=== The records ===

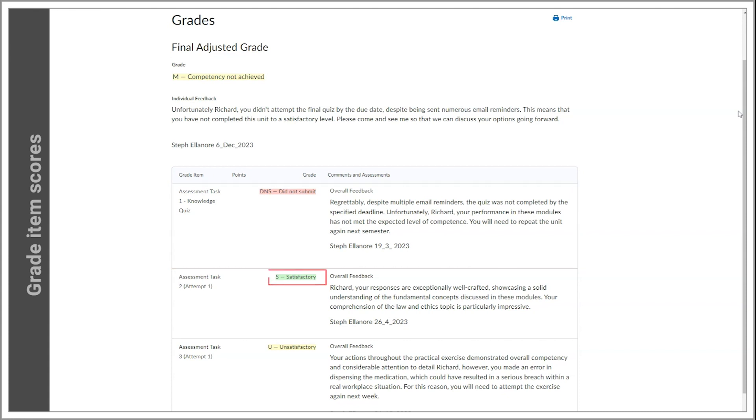Satisfactory indicates that you have successfully completed the assessment task. Unsatisfactory means that you have not demonstrated competency for the task. If you are unsatisfactory on your first attempt, you will still have a second attempt to pass. If you are still unsatisfactory on your second attempt, you will need to talk to your teacher about the next steps and re-enrollment of the unit of competency.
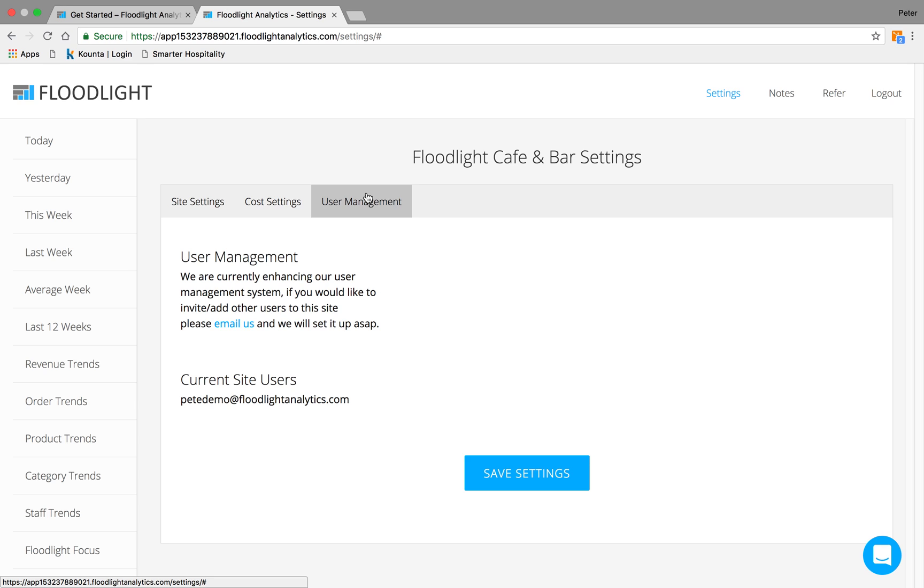User Management. At the moment, just send us an email if you do want to restrict any views to your staff or the rest of your team, and we'll get that sorted for you.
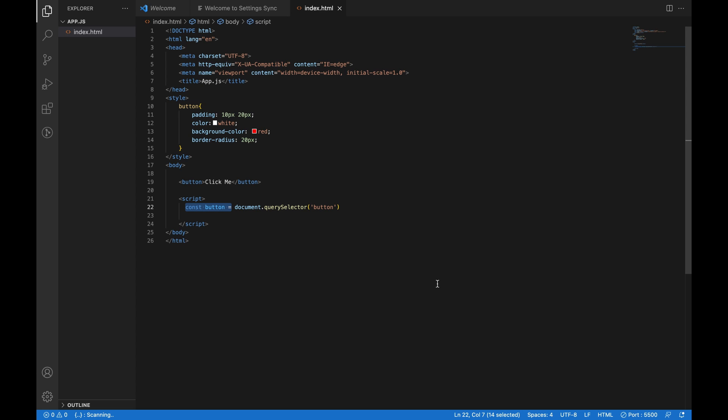In order to make this button interactive, we need to assign an event listener. JavaScript has many event listeners like mouseover, onclick, and mouseout, but in this case, we will be using onclick. We use the variable onclick and assign it to a function.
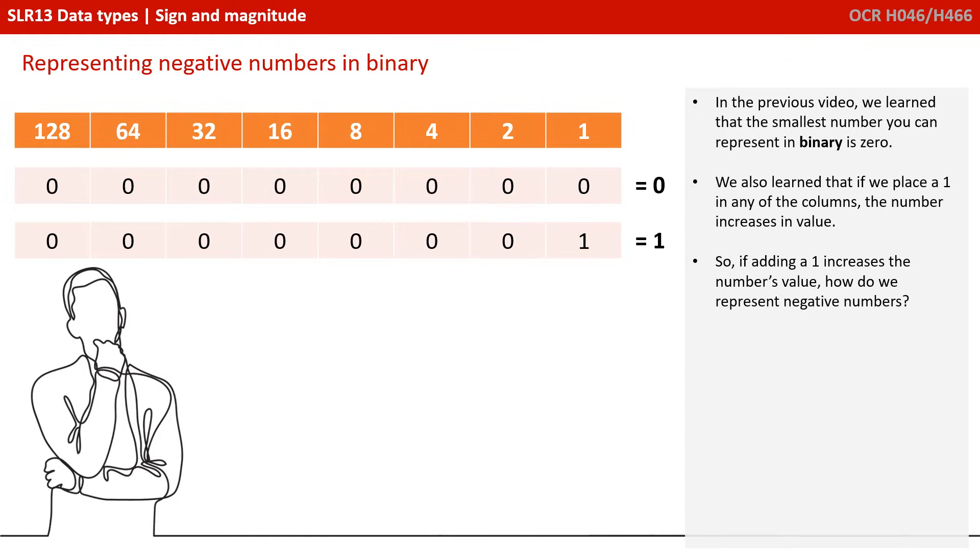This begs the question, if adding any 1s at all increases the value of a number, how can we possibly represent negative numbers in binary, for example, minus 10?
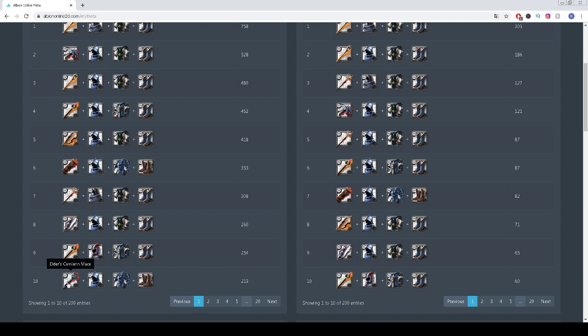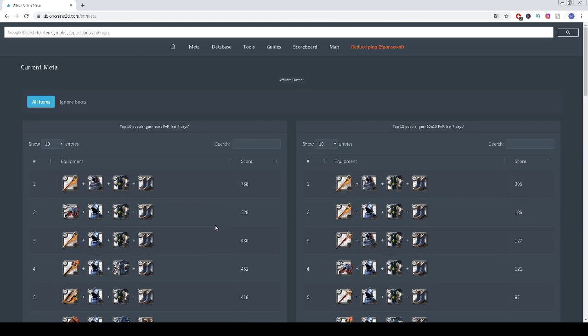And the tenth and final spot for this episode is taken by Elder's Camlann Mace, Elder's Knight Helmet, Guardian Armor, and Hunter Shoes.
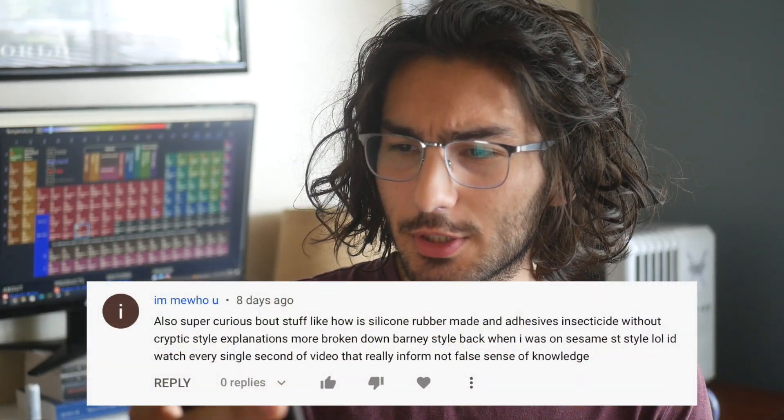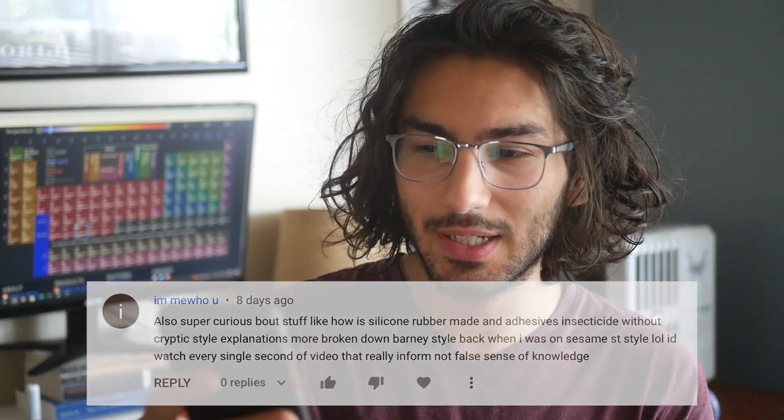What's up you guys, welcome back to the channel. I know there was a bit of a break, but I'm actually just recovering from COVID — all better now. And that means we can hop back into it. For today I actually wanted to take a video recommendation from one of your comments. I got a comment from someone who was super curious about stuff like how silicone rubber is made and adhesives, insecticides, etc. And that's a great idea.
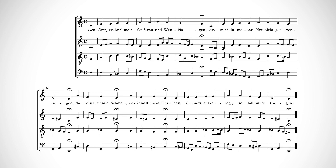Here is an example of an open score by J.S. Bach. From top to bottom, the staves represent the soprano, alto, tenor, and bass voice parts.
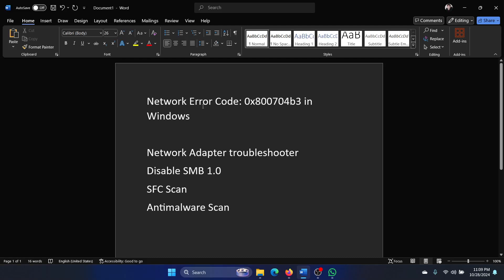Hey friends, if you encounter network error code 0x800704B3 in Windows, then please watch this video. I will guide you to the resolutions.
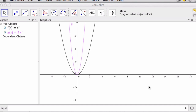In the last video, we looked at how we could create functions and re-enter different functions, or edit the function we've already entered to look at how the different values affect the graph of each function. But in this video, instead of re-typing, we're going to look at how we could use sliders to play around with the way that certain parabolas look.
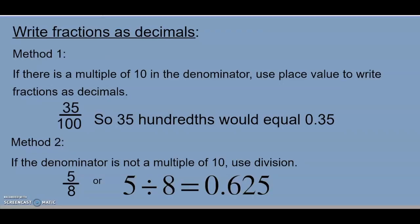So as a final review, the two methods that we looked at today: if there is a multiple of 10 in the denominator, you can simply use place value to write the fraction as a decimal, or you can use division when the denominator is not a multiple of 10.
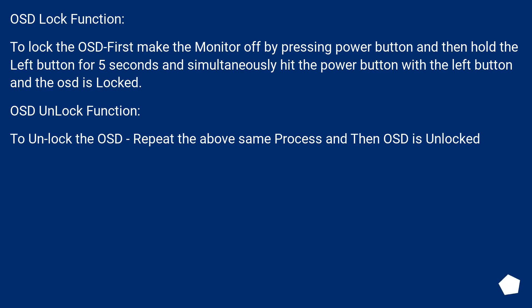OSD unlock function: To unlock the OSD repeat the above same process and then OSD is unlocked.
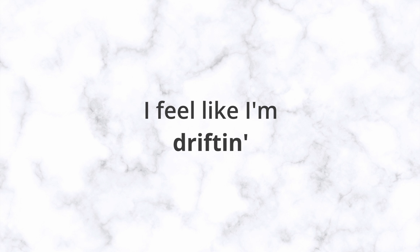I feel like I'm drifting. I feel like I'm drifting. Hey.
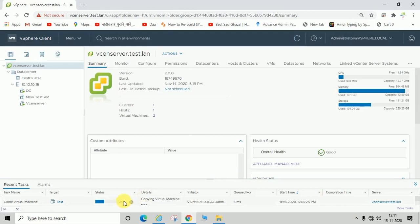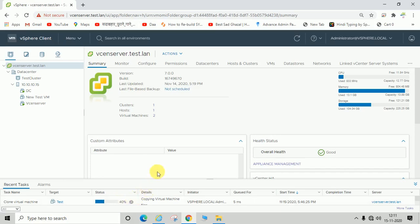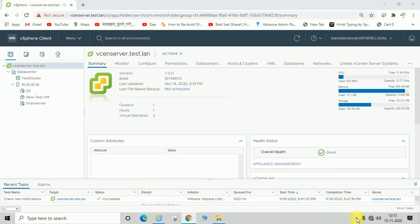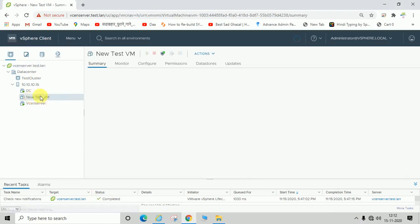You can see the status — thirty-nine percent... forty percent. The status is now completed. As I already told you, you can deploy a virtual machine within two to three minutes if you have a template. You can see the machine is now showing here in shutdown mode.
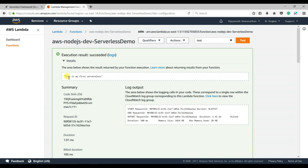This is a very quick introduction to help you understand how to create a Lambda function and how to deploy it using the Serverless Framework, instead of doing everything in the AWS console.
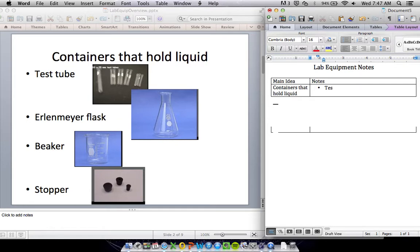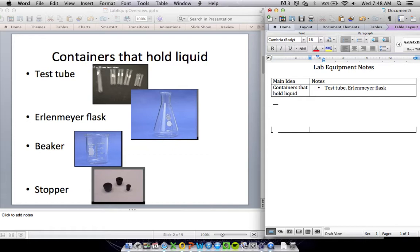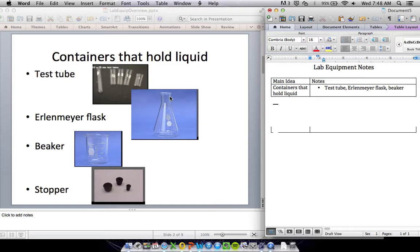We've got a test tube, used for small amounts of liquid, and an Erlenmeyer flask. You do have to know how to say that and spell it: Erlenmeyer flask. It's spelled exactly the way it sounds, and it's always spelled with a capital E because it's named after someone. We've got a beaker. Notice the difference between these: the Erlenmeyer flask is narrow at the top.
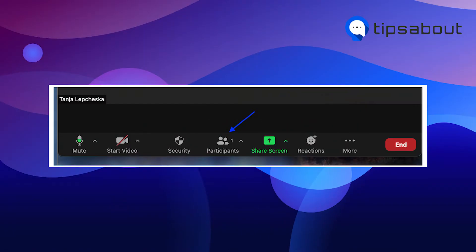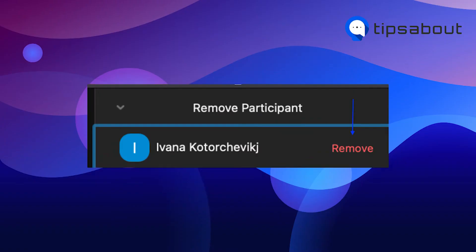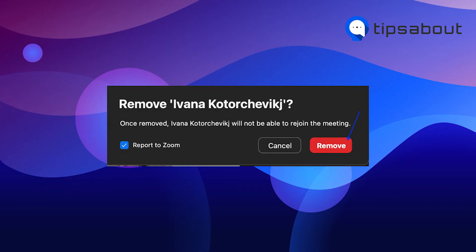So here's what you'll have to do to kick someone out of a Zoom meeting. From the taskbar at the bottom of the meeting window, click on Participants. After that, click on the participant you want to remove, and on the right side panel click on the Remove option. To confirm, click again on Remove.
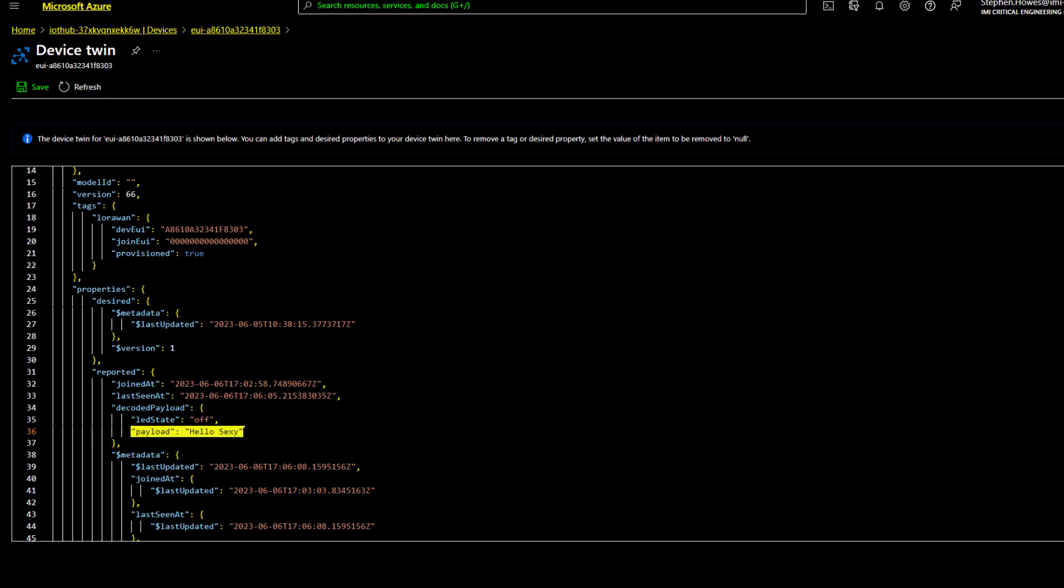So there we have it. All the way from the sensor through the Things Stack cloud version all the way to my digital twin on IoT Hub. And that's how LoRaWAN works practically. What we're going to do over the next few videos is show you how to actually implement that.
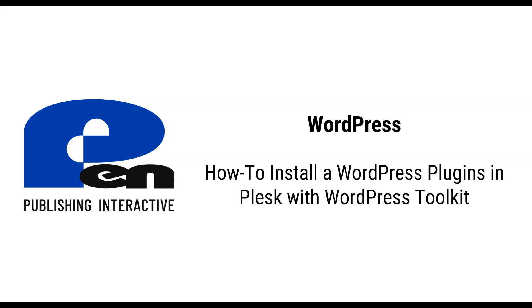Hi, welcome to this Penn Publishing Interactive WordPress video. In this video I'm going to show you how to install a WordPress plugin in Plesk with the WordPress toolkit. Let's get started.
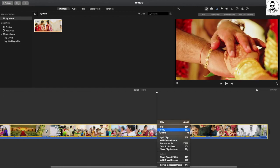When we select the clip, there are many options like play, cut, copy, delete, split clip, and there are many more options. These will be useful for video editing.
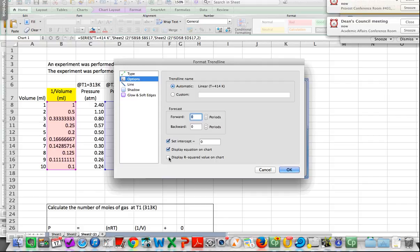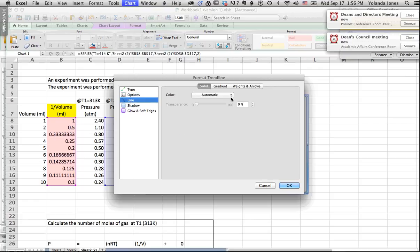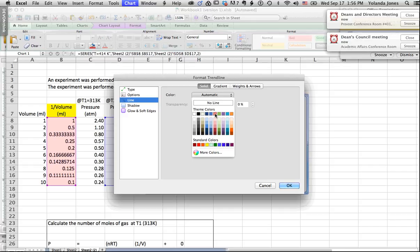A trendline is also called a linear regression line. Since this is a straight line, we select Linear. Under options, we set the intercept to 0 because based on our equation the y-intercept is zero. We select 'Display equation on chart.' Further down the line when we look at statistical treatment of data, we'll also display the R-squared value — the closer it is to 1, the more agreement we have between data points. For now we won't display R-squared. The trendline will rest on the first and last data points with the intercept forced to zero.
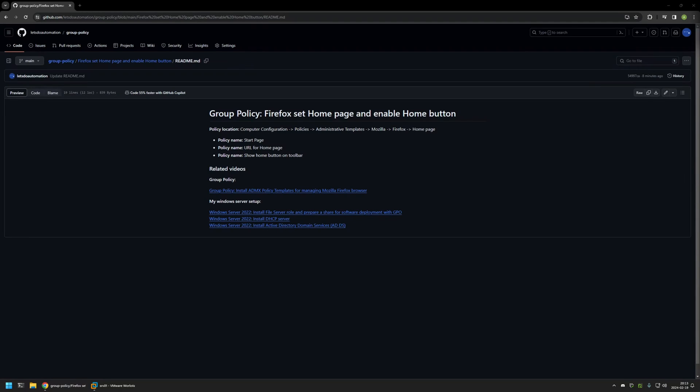In this video I'll be using Group Policy to configure a home page and enable the home button for Firefox browser. I'm starting from my GitHub page because there are a few bits of information here that I will be using for this video, and I will leave the URL in the description down below.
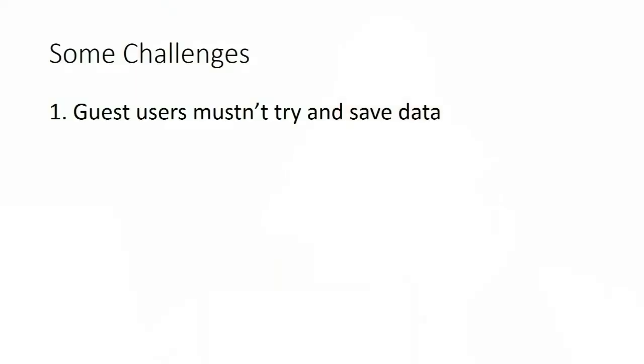Some challenges that we faced when trying to implement this. Guest users mustn't try and save any data, so everybody who is accessing using public access is logged in as a guest, and that means they all have the same user ID of one, so if you try and save something against the current user when someone's logged in as a guest, it'll also display to all of the other people who are logged in as guests.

===

_Problem description:_
With images excluded, write the records above out again exactly.

_Response for this exercise:_
Satisfactory indicates that you have successfully completed the assessment task. Unsatisfactory means that you have not demonstrated competency for the task. If you are unsatisfactory on your first attempt, you will still have a second attempt to pass. If you are still unsatisfactory on your second attempt, you will need to talk to your teacher about the next steps and re-enrollment of the unit of competency.
User Management. At the moment, just send us an email if you do want to restrict any views to your staff or the rest of your team, and we'll get that sorted for you.
In order to make this button interactive, we need to assign an event listener. JavaScript has many event listeners like mouseover, onclick, and mouseout, but in this case, we will be using onclick. We use the variable onclick and assign it to a function.
This begs the question, if adding any 1s at all increases the value of a number, how can we possibly represent negative numbers in binary, for example, minus 10?
And the tenth and final spot for this episode is taken by Elder's Camlann Mace, Elder's Knight Helmet, Guardian Armor, and Hunter Shoes.
What's up you guys, welcome back to the channel. I know there was a bit of a break, but I'm actually just recovering from COVID — all better now. And that means we can hop back into it. For today I actually wanted to take a video recommendation from one of your comments. I got a comment from someone who was super curious about stuff like how silicone rubber is made and adhesives, insecticides, etc. And that's a great idea.
Here is an example of an open score by J.S. Bach. From top to bottom, the staves represent the soprano, alto, tenor, and bass voice parts.
Hey friends, if you encounter network error code 0x800704B3 in Windows, then please watch this video. I will guide you to the resolutions.
In the last video, we looked at how we could create functions and re-enter different functions, or edit the function we've already entered to look at how the different values affect the graph of each function. But in this video, instead of re-typing, we're going to look at how we could use sliders to play around with the way that certain parabolas look.
So as a final review, the two methods that we looked at today: if there is a multiple of 10 in the denominator, you can simply use place value to write the fraction as a decimal, or you can use division when the denominator is not a multiple of 10.
OSD unlock function: To unlock the OSD repeat the above same process and then OSD is unlocked.
I feel like I'm drifting. I feel like I'm drifting. Hey.
You can see the status — thirty-nine percent... forty percent. The status is now completed. As I already told you, you can deploy a virtual machine within two to three minutes if you have a template. You can see the machine is now showing here in shutdown mode.
This is a very quick introduction to help you understand how to create a Lambda function and how to deploy it using the Serverless Framework, instead of doing everything in the AWS console.
We've got a test tube, used for small amounts of liquid, and an Erlenmeyer flask. You do have to know how to say that and spell it: Erlenmeyer flask. It's spelled exactly the way it sounds, and it's always spelled with a capital E because it's named after someone. We've got a beaker. Notice the difference between these: the Erlenmeyer flask is narrow at the top.
So here's what you'll have to do to kick someone out of a Zoom meeting. From the taskbar at the bottom of the meeting window, click on Participants. After that, click on the participant you want to remove, and on the right side panel click on the Remove option. To confirm, click again on Remove.
So there we have it. All the way from the sensor through the Things Stack cloud version all the way to my digital twin on IoT Hub. And that's how LoRaWAN works practically. What we're going to do over the next few videos is show you how to actually implement that.
Hi, welcome to this Penn Publishing Interactive WordPress video. In this video I'm going to show you how to install a WordPress plugin in Plesk with the WordPress toolkit. Let's get started.
When we select the clip, there are many options like play, cut, copy, delete, split clip, and there are many more options. These will be useful for video editing.
A trendline is also called a linear regression line. Since this is a straight line, we select Linear. Under options, we set the intercept to 0 because based on our equation the y-intercept is zero. We select 'Display equation on chart.' Further down the line when we look at statistical treatment of data, we'll also display the R-squared value — the closer it is to 1, the more agreement we have between data points. For now we won't display R-squared. The trendline will rest on the first and last data points with the intercept forced to zero.
In this video I'll be using Group Policy to configure a home page and enable the home button for Firefox browser. I'm starting from my GitHub page because there are a few bits of information here that I will be using for this video, and I will leave the URL in the description down below.
Some challenges that we faced when trying to implement this. Guest users mustn't try and save any data, so everybody who is accessing using public access is logged in as a guest, and that means they all have the same user ID of one, so if you try and save something against the current user when someone's logged in as a guest, it'll also display to all of the other people who are logged in as guests.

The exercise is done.